T’s dad had taught us to clean his handguns. We were both well versed in the sequence: clear, disassemble, reassemble, test, load and put away. We needed money for the movies. So we jumped at his father’s offer to pay us to clean his firearms. T was going to clean the Luger. I was working on a Webley revolver.

As you may know, a Webley breaks at the back. The whole front assembly tips forward. So there was no real breakdown involved, just a simple opening and cleaning. It was a pretty quick process. I did my thing and then headed to the bathroom to answer nature’s call.

T came into the room. Seeing a cleaned gun and rounds laying on the bed, he presumed I was done. As I recall, there were only four rounds. T loaded them, closed the gun and put it back down pretty much where I’d left it.

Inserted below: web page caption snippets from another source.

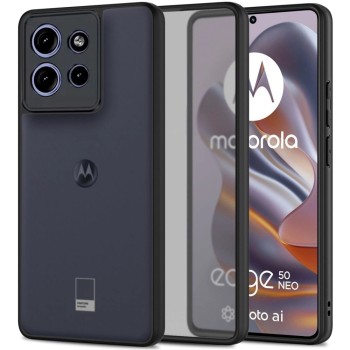 Tech-Protect MagMAT Case for Motorola EDGE 50 NEO - Black Tech-Protect MagMAT Case for Motorola EDGE 50 NEO - Black
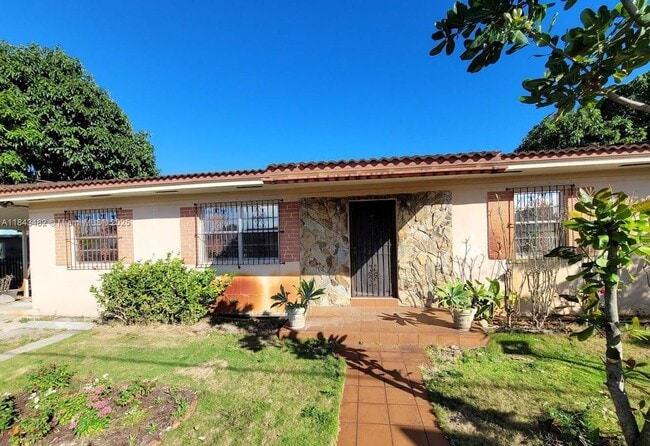 property at 5451 SW 5th Terrace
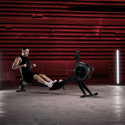 Romaskine SpeedROW Competition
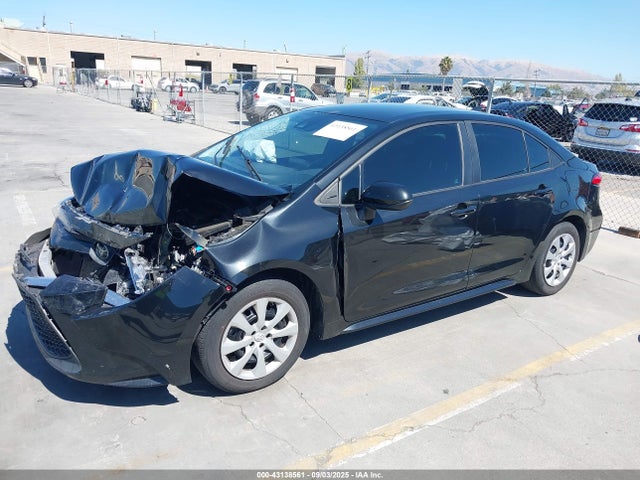5YFEPMAE1NP374729 Toyota 2zr-fae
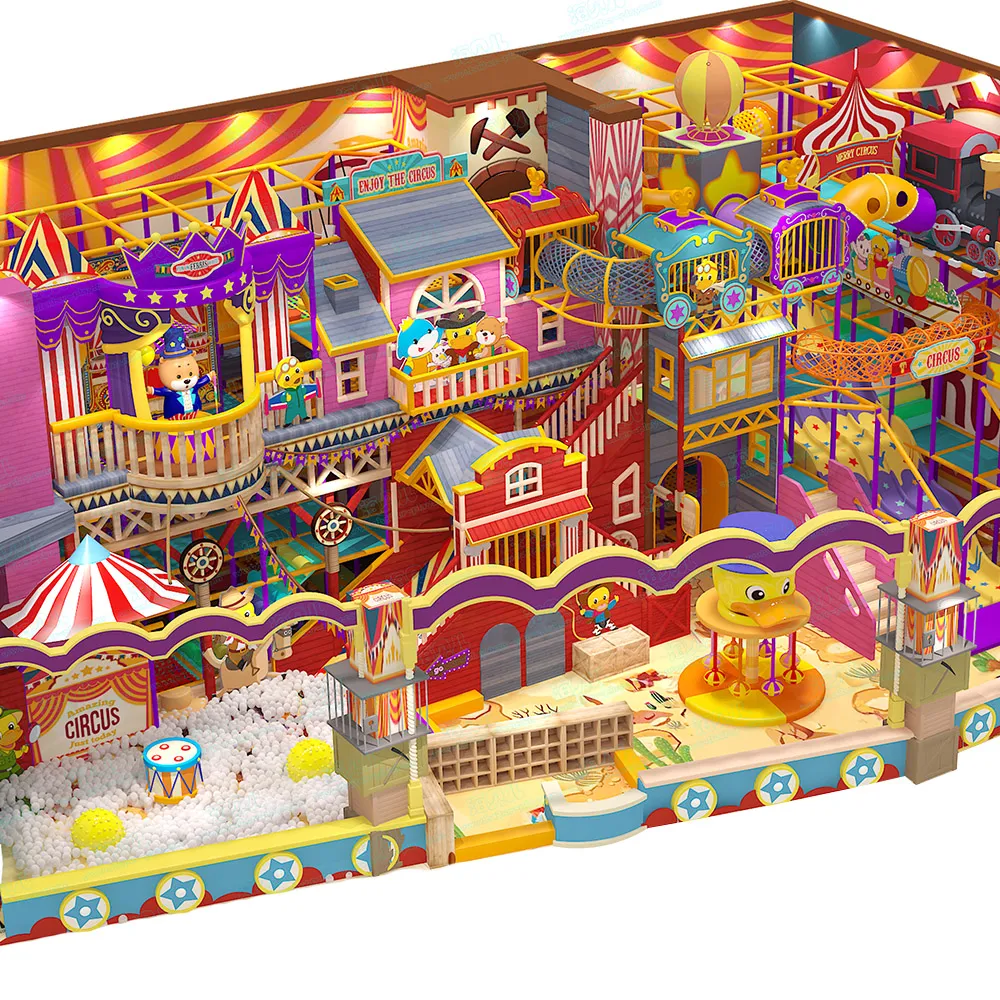 Circus Carnival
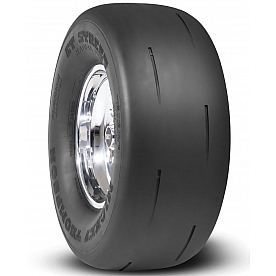 Mickey Thompson Tires ET Street Radial Pro - LT275 60 15 - 3754X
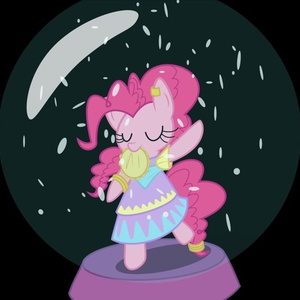 Meiji Youre Not Pinkie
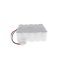 Helyettesítő Akkumulátor AKKUmed NC Maquet OP Tisch 702/755 24V 4500mAh Helyettesítő Akkumulátor AKKUmed NC Maquet OP Tisch 702/755 24V 4500mAh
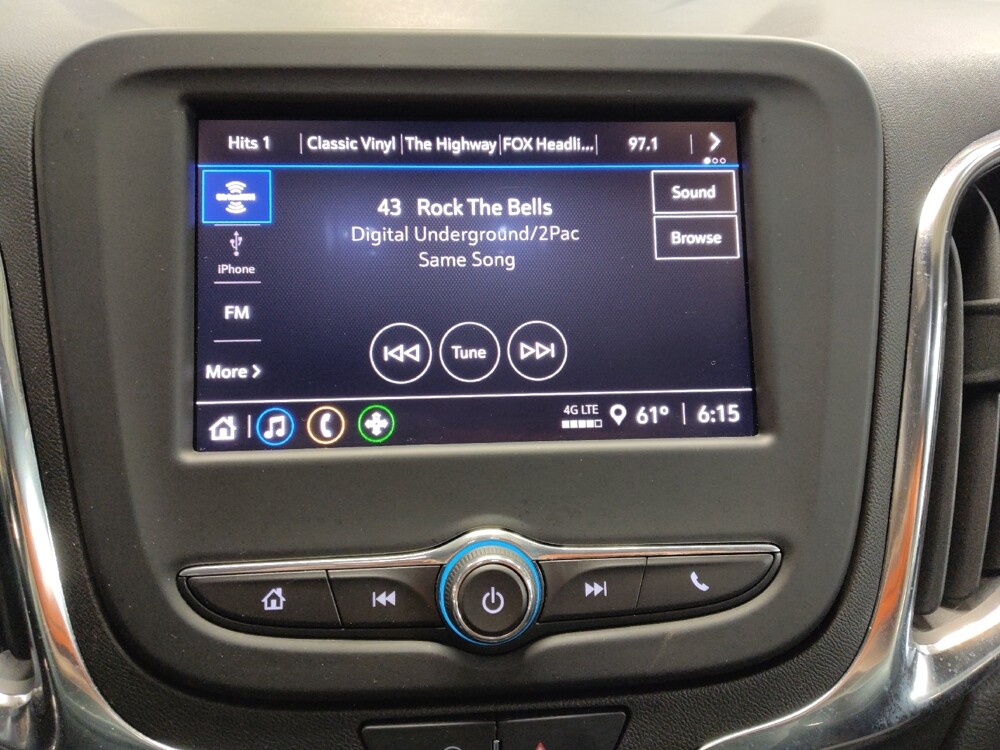 2024 Chevrolet Equinox in Plano, TX 75074 - 18113187 25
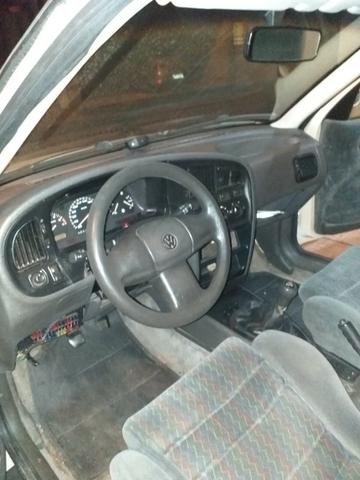 Pointer gti 1995 - Foto 3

We had a whole lot of serious bike riding and driver’s license fantasizing to do. We were both eager to get on with the day. When I got back from the bathroom, I sat down on the bed and picked up the revolver. I could hear T headed towards the room. I didn’t notice that the small pile of ammo was no longer there.

And then I pulled the trigger.

Hearing a firearm going off indoors without any sort of hearing protection was one the most startling experiences of my life. It’s not unlike a SWAT team’s flash-bang. I was literally stunned. It took me a few seconds to realize that T was in the room.

I had just shot him with a .38 caliber projectile at a distance of about four to five feet.

To this day I can still see the smoke from the shot hanging in the air between us in a slight circular pattern. I can still taste it too.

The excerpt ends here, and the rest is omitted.